──────── Given records ────────

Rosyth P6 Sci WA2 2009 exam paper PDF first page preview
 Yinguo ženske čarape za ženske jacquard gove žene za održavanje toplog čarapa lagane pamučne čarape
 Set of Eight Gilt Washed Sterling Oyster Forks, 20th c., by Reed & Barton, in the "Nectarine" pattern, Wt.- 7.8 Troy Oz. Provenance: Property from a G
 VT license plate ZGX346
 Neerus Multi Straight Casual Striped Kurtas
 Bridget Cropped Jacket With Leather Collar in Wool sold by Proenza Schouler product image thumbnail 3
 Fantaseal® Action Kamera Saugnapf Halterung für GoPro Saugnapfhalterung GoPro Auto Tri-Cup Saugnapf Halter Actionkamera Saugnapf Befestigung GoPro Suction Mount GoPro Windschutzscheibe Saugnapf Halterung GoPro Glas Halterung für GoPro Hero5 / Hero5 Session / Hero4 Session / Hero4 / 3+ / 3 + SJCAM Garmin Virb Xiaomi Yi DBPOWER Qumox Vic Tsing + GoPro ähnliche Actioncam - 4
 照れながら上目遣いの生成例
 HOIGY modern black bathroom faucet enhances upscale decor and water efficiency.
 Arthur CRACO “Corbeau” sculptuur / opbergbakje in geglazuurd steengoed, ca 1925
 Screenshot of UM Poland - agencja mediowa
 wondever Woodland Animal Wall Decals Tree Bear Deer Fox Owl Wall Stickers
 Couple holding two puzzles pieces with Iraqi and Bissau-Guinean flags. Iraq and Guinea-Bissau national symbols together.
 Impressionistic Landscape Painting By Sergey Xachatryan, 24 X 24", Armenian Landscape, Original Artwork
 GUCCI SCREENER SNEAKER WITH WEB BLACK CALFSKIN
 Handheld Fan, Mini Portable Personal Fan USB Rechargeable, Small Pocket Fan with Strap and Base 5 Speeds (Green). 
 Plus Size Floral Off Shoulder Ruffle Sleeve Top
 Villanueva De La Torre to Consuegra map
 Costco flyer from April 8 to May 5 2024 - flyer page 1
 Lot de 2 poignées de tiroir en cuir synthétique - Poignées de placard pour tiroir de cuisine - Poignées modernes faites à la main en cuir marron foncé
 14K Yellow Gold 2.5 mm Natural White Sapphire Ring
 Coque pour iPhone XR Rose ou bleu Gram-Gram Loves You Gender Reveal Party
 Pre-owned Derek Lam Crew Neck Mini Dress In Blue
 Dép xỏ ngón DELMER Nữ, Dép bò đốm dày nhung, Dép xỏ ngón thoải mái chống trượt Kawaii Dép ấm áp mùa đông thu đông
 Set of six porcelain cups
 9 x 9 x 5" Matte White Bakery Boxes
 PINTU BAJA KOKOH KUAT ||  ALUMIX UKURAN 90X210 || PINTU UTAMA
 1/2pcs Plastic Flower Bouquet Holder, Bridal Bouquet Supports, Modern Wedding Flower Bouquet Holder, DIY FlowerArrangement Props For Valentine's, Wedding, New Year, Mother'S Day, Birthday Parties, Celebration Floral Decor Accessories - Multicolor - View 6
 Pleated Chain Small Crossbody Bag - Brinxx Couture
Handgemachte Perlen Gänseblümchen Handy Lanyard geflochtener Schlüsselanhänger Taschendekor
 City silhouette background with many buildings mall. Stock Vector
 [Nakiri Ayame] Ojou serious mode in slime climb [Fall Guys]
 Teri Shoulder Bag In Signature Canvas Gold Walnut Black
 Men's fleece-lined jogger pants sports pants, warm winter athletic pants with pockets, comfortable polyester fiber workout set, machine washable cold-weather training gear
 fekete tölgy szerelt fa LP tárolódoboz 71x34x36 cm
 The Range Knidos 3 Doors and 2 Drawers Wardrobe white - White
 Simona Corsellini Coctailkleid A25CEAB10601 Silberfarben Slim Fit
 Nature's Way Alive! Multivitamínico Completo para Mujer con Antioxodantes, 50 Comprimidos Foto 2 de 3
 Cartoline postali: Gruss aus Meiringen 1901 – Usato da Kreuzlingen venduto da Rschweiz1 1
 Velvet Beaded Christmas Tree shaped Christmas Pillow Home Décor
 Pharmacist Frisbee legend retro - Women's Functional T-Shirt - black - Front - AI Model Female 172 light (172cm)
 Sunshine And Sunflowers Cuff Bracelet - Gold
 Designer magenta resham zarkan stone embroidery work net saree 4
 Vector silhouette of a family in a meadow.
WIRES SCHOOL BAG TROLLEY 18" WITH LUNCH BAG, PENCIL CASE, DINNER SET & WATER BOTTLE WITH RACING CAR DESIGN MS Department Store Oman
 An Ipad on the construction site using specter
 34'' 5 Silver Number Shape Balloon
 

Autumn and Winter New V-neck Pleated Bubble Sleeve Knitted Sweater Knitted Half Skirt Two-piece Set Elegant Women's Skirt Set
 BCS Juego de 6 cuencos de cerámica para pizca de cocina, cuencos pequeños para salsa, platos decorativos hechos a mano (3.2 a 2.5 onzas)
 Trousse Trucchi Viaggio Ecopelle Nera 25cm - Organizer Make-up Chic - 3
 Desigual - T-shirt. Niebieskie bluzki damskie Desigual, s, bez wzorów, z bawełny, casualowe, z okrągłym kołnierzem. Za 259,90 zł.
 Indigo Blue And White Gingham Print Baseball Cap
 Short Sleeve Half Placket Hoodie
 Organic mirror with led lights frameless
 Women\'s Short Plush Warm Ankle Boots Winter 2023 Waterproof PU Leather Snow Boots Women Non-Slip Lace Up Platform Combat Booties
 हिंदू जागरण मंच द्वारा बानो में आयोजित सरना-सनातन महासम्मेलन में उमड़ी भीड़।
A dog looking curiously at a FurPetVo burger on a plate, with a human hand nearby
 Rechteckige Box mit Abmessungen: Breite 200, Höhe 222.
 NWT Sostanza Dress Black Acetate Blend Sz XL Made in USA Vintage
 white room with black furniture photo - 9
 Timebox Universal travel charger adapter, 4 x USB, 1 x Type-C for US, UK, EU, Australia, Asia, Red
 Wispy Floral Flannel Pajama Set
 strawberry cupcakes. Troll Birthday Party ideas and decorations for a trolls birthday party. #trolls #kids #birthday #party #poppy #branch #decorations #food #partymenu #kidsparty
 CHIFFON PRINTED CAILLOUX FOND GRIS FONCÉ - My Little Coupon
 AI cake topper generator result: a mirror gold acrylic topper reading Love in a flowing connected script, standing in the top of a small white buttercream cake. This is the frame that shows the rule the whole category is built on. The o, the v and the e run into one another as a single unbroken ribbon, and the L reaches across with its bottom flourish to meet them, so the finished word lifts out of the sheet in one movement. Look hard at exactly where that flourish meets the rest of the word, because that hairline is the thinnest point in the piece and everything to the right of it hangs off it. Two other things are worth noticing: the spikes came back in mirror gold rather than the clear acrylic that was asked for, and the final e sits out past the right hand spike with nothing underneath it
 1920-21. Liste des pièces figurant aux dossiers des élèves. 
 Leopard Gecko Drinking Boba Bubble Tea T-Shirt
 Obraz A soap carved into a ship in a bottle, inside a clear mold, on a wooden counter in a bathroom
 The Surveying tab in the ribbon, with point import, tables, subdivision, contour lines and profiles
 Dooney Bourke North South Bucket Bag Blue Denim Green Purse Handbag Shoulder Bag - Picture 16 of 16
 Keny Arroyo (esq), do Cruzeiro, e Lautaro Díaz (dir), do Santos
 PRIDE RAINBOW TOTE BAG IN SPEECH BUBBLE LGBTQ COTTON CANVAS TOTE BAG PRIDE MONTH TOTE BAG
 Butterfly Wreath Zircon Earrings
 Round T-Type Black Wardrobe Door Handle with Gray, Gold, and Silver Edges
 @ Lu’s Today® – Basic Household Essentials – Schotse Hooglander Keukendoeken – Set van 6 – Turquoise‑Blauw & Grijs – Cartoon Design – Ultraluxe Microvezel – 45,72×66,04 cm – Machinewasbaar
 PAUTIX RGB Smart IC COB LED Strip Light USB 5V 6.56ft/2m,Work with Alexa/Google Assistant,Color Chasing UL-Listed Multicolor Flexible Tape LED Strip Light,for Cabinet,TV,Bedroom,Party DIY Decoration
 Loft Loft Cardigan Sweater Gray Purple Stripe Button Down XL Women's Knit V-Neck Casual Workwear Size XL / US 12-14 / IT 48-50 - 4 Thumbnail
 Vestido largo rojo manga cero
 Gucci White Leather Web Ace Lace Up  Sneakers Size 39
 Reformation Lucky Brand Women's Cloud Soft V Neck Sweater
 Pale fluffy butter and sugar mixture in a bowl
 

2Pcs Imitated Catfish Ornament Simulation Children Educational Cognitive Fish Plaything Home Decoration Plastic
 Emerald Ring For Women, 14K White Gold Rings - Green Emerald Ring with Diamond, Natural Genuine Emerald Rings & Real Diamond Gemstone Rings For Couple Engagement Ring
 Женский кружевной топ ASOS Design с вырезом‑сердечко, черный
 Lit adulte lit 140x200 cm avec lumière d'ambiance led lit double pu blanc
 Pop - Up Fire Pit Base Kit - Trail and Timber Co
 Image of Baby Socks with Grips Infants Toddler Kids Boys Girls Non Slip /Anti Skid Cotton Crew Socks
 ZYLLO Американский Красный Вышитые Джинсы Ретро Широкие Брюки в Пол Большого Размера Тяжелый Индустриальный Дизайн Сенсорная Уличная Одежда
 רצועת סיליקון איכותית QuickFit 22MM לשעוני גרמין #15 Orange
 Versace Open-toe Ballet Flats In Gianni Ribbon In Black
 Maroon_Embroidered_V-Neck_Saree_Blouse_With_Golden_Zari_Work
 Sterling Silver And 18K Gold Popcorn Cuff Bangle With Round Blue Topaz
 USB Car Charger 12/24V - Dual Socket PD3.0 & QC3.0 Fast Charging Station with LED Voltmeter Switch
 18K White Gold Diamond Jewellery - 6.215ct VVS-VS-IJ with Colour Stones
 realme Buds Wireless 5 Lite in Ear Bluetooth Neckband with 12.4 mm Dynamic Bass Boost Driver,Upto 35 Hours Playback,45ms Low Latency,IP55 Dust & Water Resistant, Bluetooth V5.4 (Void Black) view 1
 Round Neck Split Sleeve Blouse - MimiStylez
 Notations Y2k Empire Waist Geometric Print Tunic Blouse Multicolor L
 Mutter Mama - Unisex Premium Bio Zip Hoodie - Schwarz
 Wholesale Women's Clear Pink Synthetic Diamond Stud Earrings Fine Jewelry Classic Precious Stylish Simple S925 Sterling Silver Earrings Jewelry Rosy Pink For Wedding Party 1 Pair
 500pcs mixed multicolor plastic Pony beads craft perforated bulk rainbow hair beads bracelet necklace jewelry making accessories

────────

§ **What to work on**
Of all the entries above, output exactly the lines between the one holding "हिंदू जागरण मंच" and the one holding "Timebox Universal travel", inclusive.

§ **Written answer**
 हिंदू जागरण मंच द्वारा बानो में आयोजित सरना-सनातन महासम्मेलन में उमड़ी भीड़।
A dog looking curiously at a FurPetVo burger on a plate, with a human hand nearby
 Rechteckige Box mit Abmessungen: Breite 200, Höhe 222.
 NWT Sostanza Dress Black Acetate Blend Sz XL Made in USA Vintage
 white room with black furniture photo - 9
 Timebox Universal travel charger adapter, 4 x USB, 1 x Type-C for US, UK, EU, Australia, Asia, Red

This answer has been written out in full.